**How to complete this task:**
An exact copy of every entry is needed, with no images.

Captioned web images
= Beginning of Section =
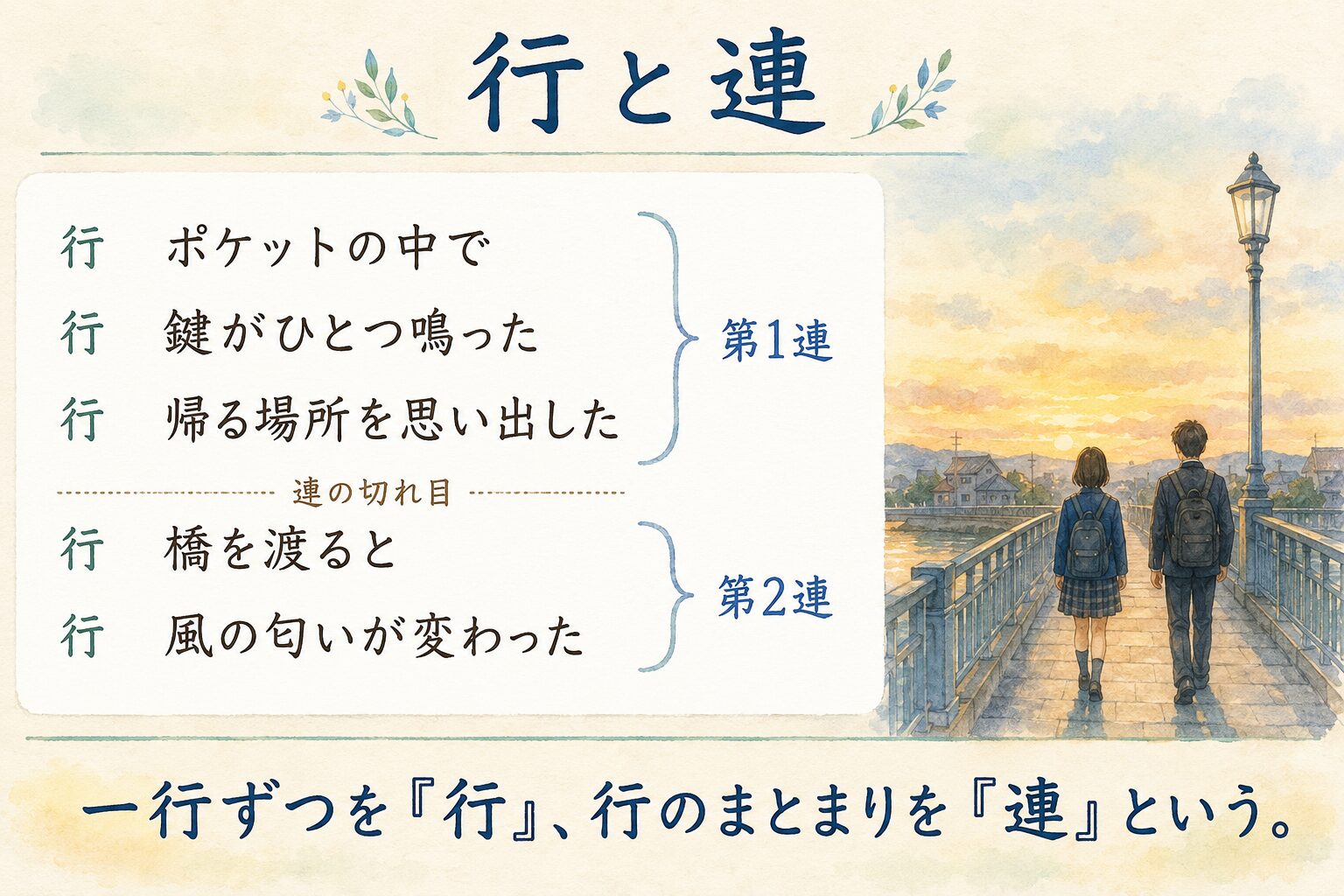 詩の行と連の図解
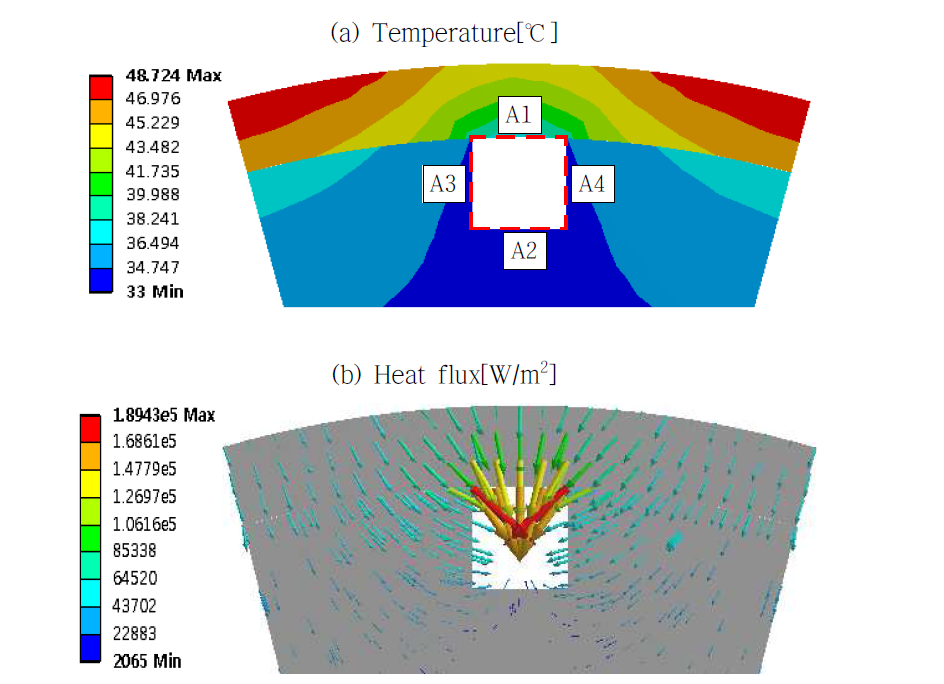 Temperature and heat flux distribution at the evaporative interface(Ctw=6000, Cht=6000, he=40000)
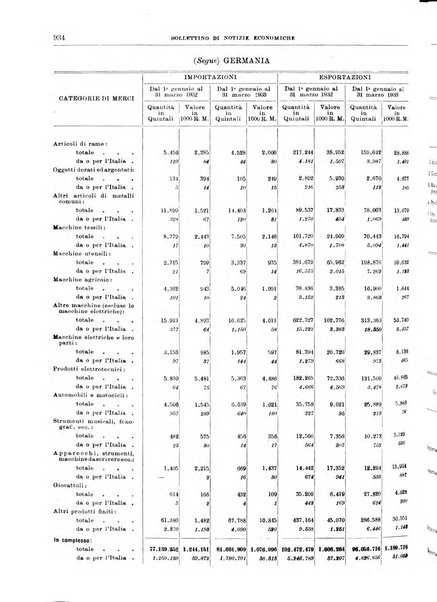 Bollettino di notizie economiche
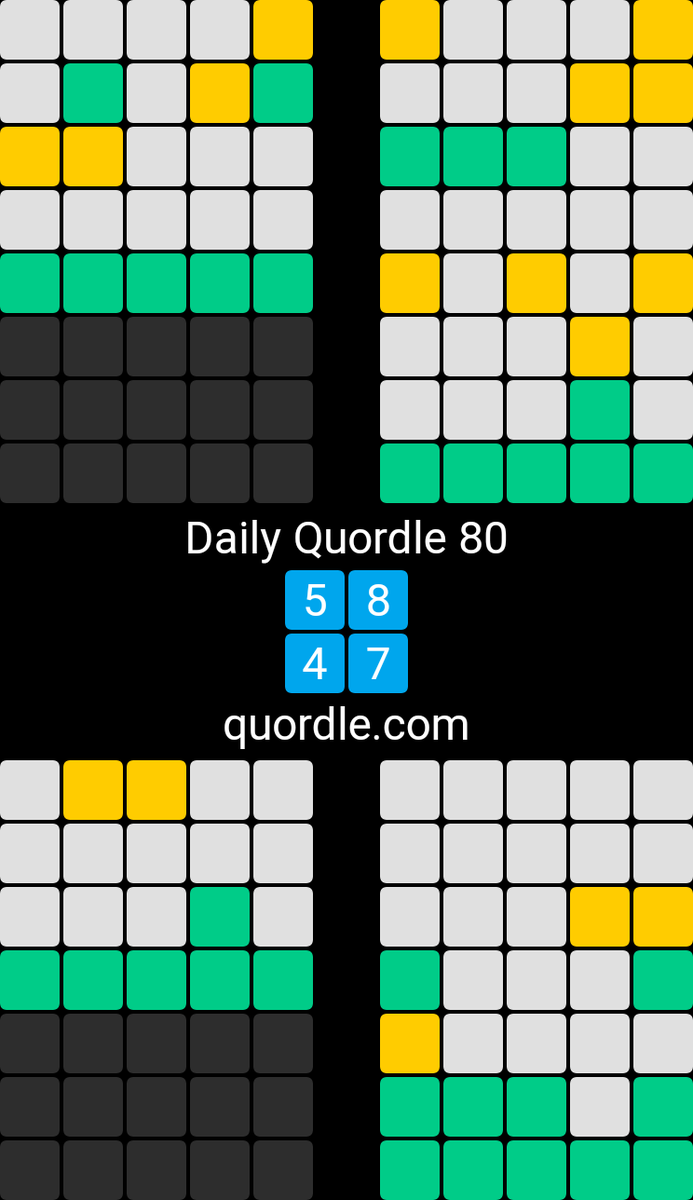 PrDanielMcAdams's tweet photo. Daily Quordle 80
5️⃣8️⃣
4️⃣7️⃣
https://t.co/QBGx9MAbIc https://t.co/zKOm2IDRh7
= End of Section =
**Task output:**
 詩の行と連の図解
 Temperature and heat flux distribution at the evaporative interface(Ctw=6000, Cht=6000, he=40000)
 Bollettino di notizie economiche
 PrDanielMcAdams's tweet photo. Daily Quordle 80
5️⃣8️⃣
4️⃣7️⃣
https://t.co/QBGx9MAbIc https://t.co/zKOm2IDRh7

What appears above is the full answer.